§ INSTRUCTIONS FOR THE TASK: Pull each line containing "Strappy" out of the data and copy it.

§ DATA SUPPLIED:
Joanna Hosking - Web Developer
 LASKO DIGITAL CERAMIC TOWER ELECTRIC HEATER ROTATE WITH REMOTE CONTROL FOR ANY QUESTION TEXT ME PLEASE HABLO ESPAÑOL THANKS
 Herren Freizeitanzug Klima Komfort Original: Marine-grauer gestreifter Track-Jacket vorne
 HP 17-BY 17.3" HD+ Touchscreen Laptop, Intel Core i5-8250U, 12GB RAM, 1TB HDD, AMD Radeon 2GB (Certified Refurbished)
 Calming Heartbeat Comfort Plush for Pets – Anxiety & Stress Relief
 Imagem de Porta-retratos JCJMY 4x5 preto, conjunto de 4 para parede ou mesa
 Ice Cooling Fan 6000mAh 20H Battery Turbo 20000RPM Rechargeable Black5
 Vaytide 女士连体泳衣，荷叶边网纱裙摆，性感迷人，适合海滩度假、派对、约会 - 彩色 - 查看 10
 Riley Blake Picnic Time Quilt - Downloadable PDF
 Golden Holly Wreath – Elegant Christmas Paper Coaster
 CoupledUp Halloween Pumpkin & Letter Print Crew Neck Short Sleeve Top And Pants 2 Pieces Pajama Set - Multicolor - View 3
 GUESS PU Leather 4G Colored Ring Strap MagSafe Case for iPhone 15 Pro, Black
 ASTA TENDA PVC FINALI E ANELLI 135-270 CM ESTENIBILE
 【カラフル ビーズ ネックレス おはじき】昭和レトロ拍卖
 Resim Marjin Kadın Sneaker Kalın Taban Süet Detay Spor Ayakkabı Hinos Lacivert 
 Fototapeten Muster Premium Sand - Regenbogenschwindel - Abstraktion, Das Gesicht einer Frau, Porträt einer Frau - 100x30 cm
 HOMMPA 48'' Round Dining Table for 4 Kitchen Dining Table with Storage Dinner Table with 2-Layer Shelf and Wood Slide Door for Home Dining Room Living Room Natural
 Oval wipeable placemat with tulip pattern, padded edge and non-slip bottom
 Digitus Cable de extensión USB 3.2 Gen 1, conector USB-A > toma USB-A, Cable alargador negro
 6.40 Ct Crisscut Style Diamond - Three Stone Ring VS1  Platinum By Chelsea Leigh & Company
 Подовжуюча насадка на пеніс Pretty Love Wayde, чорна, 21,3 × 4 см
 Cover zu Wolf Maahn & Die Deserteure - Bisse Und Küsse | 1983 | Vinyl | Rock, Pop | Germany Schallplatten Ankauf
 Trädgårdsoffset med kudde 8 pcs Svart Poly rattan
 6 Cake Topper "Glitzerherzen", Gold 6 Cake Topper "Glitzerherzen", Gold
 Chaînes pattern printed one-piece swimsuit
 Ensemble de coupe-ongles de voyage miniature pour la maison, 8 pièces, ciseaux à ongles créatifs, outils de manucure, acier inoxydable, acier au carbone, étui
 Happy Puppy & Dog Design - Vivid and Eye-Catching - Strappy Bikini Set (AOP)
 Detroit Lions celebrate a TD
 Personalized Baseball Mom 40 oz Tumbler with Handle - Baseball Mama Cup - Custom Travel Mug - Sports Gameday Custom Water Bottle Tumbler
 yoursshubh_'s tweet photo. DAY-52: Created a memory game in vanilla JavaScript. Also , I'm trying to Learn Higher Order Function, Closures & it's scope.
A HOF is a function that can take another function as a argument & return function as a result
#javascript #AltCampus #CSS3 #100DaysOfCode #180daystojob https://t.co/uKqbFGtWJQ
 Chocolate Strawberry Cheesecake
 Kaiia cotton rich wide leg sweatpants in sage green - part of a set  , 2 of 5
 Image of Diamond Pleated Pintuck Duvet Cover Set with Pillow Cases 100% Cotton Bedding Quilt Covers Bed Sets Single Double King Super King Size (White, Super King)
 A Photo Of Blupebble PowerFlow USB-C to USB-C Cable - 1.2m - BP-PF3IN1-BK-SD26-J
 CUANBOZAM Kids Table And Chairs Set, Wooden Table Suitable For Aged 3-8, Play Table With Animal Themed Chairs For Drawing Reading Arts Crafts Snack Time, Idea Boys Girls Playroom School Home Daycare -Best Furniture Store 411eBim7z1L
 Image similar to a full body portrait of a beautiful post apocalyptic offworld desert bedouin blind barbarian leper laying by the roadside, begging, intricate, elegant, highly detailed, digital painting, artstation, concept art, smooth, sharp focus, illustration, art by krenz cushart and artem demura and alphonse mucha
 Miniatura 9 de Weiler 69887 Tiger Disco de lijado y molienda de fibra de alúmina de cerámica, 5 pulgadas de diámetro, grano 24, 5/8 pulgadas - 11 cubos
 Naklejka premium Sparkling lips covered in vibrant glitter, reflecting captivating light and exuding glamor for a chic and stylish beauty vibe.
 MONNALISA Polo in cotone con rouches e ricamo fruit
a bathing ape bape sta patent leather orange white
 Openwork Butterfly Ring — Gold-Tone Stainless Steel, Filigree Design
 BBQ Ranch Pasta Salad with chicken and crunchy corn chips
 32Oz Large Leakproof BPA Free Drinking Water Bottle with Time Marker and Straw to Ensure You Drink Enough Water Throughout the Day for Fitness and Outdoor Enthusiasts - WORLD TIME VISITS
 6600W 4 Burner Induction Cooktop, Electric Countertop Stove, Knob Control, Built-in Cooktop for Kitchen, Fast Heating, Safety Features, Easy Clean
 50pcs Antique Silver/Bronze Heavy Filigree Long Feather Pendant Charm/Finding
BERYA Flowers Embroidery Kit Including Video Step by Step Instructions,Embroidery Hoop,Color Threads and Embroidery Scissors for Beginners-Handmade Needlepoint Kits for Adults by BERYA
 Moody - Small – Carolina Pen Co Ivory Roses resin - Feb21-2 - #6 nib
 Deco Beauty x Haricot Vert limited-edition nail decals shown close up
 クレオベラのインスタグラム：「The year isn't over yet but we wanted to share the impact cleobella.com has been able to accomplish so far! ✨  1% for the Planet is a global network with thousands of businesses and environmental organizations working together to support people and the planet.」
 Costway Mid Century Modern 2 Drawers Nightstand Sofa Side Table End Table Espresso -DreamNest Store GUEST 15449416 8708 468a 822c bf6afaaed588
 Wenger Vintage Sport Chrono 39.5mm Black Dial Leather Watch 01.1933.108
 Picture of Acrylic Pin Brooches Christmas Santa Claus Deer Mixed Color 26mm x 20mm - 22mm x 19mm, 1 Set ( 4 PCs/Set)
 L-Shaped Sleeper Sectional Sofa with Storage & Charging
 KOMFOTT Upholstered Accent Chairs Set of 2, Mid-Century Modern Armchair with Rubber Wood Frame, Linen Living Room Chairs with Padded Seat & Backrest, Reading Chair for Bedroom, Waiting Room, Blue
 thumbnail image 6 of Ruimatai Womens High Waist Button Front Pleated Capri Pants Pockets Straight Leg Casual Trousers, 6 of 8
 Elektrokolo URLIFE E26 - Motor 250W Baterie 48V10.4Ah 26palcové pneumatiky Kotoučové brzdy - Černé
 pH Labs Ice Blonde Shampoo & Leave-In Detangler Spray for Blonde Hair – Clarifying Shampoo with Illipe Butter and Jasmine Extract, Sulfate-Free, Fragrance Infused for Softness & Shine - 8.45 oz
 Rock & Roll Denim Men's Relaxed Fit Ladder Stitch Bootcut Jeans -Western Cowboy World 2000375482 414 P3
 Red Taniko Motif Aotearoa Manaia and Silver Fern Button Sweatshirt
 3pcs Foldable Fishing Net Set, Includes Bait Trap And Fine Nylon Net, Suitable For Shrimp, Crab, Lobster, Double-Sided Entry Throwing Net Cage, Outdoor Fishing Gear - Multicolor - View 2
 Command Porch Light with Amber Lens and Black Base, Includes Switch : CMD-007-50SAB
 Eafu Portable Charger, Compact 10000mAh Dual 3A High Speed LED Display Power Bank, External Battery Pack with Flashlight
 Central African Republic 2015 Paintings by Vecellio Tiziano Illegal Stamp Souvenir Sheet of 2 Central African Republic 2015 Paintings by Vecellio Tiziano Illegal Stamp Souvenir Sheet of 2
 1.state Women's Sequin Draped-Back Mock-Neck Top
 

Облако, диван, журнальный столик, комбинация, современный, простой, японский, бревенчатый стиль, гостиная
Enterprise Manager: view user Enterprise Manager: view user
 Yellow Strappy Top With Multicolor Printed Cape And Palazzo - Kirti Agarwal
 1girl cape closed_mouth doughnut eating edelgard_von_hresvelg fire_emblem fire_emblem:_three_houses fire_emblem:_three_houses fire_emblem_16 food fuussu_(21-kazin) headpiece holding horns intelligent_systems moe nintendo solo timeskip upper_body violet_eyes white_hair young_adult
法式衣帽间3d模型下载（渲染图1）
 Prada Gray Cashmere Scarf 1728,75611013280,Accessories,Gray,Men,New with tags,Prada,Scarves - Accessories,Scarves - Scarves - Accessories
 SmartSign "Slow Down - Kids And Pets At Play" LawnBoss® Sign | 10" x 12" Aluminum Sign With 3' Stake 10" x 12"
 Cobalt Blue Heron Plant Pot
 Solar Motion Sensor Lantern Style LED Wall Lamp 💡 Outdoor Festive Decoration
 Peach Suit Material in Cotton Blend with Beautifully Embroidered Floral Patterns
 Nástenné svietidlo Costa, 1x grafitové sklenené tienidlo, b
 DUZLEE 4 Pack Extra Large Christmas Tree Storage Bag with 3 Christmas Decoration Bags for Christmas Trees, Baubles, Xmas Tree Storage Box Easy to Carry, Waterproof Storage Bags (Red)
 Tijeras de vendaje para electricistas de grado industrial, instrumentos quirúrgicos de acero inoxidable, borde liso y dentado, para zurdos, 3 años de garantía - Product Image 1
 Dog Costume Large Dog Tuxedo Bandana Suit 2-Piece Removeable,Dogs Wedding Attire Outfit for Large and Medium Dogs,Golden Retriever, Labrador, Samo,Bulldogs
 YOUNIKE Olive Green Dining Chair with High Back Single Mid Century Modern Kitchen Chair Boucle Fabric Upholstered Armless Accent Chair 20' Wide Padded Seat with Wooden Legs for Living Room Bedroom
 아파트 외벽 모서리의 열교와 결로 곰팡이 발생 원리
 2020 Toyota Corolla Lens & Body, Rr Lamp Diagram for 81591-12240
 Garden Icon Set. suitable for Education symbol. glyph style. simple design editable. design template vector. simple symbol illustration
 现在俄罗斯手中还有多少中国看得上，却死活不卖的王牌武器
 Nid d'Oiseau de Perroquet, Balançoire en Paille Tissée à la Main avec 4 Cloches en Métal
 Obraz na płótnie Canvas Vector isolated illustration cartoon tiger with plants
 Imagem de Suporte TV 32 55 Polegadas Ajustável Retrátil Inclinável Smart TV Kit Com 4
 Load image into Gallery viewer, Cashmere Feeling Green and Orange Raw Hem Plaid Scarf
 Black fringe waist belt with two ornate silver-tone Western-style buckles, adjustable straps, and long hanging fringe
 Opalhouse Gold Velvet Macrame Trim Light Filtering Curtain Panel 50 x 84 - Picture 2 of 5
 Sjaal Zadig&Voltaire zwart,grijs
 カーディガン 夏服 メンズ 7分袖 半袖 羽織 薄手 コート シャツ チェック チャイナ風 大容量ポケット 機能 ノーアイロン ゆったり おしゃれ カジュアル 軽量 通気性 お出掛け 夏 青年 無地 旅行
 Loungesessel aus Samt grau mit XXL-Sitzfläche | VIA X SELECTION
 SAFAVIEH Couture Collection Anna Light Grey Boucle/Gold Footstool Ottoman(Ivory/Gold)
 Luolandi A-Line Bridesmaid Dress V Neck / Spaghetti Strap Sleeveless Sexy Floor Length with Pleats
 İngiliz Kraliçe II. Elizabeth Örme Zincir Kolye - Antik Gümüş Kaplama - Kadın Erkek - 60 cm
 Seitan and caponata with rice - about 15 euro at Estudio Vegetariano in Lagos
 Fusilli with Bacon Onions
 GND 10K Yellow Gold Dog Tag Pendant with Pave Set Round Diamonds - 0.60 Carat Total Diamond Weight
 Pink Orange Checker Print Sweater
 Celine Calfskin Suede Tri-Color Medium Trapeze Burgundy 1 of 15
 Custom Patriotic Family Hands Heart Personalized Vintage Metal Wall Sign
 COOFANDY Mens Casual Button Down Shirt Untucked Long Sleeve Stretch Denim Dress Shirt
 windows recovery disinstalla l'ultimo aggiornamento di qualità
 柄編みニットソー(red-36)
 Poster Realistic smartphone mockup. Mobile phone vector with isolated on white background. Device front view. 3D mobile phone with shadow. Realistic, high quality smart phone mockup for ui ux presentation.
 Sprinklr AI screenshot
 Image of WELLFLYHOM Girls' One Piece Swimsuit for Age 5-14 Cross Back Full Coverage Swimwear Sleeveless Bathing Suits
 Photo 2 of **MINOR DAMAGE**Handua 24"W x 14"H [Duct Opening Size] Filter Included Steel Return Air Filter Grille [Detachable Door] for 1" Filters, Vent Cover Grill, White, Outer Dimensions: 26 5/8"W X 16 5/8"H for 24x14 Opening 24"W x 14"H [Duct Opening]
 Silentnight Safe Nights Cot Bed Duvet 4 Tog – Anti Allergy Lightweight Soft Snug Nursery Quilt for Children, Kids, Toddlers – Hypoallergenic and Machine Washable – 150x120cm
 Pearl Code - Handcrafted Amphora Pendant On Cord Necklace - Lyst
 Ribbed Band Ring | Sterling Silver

§ FINISHED EXERCISE:
 Happy Puppy & Dog Design - Vivid and Eye-Catching - Strappy Bikini Set (AOP)
 Yellow Strappy Top With Multicolor Printed Cape And Palazzo - Kirti Agarwal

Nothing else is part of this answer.